KQED Hosts a Panel on Children's Literature and People of Color

On Monday, I was honored to be part of a group invited by KQED Forum to speak on the radio about the Cooperative Children's Book Center's (CCBC) 2013 findings on diversity in children's literature. I joined host Mina Kim, Nina Lindsay, children's librarian at Oakland Public Library, and illustrator LeUyen Pham in the studio. K.T. Horning of the CCBC provided a pre-recorded introduction, and Christopher Myers, whose recent New York Times article, "The Apartheid of Children's Literature," precipitated the public interest, joined us live from Brooklyn.

Let me offer some thoughts on live radio. First, it moves fastthe hour barreled by. Second, a good host must be excellent at multi-tasking; it was fascinating to watch Mina's brain and body move in marvelous synchronicity as she steered the conversation. Three, you can't edit your words.

I said things with which I generally agree but left wishing I could have tweaked a sentence or two. For example, I wish I could clarify that I encourage authors to hold back from writing main characters from historically marginalized communities if we didn't grow up in those communities.

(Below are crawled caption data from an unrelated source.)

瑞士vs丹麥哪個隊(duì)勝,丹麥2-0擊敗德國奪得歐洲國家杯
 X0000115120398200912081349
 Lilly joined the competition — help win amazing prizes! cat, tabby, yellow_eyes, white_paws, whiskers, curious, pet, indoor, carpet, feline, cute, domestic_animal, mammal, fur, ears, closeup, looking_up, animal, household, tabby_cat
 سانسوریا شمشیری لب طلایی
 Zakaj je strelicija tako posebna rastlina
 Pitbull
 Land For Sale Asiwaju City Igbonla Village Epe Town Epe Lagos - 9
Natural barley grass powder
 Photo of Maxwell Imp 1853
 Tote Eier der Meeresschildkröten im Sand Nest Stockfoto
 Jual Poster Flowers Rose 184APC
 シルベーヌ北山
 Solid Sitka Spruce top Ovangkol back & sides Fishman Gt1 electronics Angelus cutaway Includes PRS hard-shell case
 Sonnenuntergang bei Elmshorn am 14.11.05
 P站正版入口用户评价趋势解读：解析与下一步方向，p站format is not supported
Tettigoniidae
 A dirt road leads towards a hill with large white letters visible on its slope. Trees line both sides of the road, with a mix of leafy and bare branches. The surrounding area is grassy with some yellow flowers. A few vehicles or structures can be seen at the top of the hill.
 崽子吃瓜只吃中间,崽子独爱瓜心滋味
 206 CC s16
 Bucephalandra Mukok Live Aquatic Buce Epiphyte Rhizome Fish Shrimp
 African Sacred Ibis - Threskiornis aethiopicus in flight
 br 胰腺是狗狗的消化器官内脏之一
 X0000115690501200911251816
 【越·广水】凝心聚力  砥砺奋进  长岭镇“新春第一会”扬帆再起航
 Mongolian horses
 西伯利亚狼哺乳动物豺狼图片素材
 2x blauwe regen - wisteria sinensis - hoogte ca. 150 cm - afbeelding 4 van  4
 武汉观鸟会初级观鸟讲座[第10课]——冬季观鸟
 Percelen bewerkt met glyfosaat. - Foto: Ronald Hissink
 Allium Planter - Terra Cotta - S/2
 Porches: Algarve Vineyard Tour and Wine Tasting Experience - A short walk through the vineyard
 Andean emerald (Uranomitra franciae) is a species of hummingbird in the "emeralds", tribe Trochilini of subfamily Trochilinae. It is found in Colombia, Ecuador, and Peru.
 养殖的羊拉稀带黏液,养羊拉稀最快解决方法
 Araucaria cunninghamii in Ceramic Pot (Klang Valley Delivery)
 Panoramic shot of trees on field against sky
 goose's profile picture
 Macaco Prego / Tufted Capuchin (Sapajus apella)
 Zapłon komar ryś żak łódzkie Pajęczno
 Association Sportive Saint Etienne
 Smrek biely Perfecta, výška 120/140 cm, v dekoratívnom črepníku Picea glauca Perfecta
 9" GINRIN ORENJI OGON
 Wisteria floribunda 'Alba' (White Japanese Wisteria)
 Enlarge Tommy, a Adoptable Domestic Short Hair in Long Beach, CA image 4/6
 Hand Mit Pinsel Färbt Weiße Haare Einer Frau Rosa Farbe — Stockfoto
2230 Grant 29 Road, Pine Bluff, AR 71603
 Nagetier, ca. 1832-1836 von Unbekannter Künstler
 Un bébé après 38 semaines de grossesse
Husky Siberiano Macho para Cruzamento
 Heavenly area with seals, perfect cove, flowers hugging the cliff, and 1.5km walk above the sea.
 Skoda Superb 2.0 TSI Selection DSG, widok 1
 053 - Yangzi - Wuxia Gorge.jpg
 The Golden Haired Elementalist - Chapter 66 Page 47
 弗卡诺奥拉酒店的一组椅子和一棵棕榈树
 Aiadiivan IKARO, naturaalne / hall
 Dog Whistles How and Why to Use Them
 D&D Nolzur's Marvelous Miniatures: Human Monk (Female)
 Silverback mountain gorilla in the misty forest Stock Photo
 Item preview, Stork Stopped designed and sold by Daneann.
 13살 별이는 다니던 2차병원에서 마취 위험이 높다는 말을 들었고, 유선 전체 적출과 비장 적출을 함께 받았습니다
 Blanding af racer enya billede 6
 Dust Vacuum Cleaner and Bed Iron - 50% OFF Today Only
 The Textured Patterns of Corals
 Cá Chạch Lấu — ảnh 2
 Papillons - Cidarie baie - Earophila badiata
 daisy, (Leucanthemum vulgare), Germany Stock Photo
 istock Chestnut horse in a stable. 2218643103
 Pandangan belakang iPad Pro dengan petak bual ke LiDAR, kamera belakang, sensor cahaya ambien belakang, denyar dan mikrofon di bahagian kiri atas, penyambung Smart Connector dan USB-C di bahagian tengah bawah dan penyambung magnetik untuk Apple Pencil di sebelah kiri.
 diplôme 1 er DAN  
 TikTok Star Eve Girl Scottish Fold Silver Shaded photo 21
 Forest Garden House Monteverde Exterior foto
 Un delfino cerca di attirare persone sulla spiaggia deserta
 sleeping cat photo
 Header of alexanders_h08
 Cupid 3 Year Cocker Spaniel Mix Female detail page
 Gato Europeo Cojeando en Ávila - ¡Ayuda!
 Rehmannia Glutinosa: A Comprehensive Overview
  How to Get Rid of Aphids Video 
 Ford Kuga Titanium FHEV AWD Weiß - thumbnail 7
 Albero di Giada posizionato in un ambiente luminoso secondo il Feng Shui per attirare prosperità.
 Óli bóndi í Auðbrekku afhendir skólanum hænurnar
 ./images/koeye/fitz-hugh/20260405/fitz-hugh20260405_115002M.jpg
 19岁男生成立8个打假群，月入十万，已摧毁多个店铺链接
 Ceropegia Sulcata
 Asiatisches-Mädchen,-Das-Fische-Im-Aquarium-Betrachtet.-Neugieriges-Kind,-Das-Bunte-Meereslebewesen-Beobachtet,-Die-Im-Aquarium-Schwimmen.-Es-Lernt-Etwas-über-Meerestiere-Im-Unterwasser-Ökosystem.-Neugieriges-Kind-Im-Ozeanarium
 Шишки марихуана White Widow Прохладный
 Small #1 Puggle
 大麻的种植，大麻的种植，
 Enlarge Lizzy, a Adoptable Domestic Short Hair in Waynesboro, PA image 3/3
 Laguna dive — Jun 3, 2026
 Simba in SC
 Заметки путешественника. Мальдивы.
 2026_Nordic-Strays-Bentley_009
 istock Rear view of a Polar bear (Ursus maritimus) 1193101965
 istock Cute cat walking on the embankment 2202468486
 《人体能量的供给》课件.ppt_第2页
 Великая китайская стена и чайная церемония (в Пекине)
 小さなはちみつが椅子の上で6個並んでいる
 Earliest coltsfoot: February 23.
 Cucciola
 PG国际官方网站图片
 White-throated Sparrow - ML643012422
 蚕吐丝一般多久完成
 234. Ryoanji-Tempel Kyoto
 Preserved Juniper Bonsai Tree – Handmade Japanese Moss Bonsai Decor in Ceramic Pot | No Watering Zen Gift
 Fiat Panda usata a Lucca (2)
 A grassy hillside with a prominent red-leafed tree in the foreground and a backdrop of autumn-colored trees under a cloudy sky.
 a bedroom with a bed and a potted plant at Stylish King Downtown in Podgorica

And that I invite us to hold back only to ask tough, self-reflective questions about the reasons to write that story—as all powerful storytellers must when writing about less powerful children—but that I see no hard and fast rule about who can write for whom.

Afterwards, to celebrate that it was all done, LeUyen and I partied with Big Bird, and I schmoozed with the aristocrats of Downton Abbey.